= WORK REQUEST =
Verbatim output of the full listing is required.

Segment Start: COLLECTED DATA

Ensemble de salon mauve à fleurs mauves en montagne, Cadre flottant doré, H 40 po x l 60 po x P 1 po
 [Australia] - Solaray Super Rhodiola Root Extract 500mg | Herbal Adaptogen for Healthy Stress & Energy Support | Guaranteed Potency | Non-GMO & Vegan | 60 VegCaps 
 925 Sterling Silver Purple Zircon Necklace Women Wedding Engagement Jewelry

Segment End: COLLECTED DATA

= SOLUTION TO THIS EXERCISE =
Ensemble de salon mauve à fleurs mauves en montagne, Cadre flottant doré, H 40 po x l 60 po x P 1 po
 [Australia] - Solaray Super Rhodiola Root Extract 500mg | Herbal Adaptogen for Healthy Stress & Energy Support | Guaranteed Potency | Non-GMO & Vegan | 60 VegCaps 
 925 Sterling Silver Purple Zircon Necklace Women Wedding Engagement Jewelry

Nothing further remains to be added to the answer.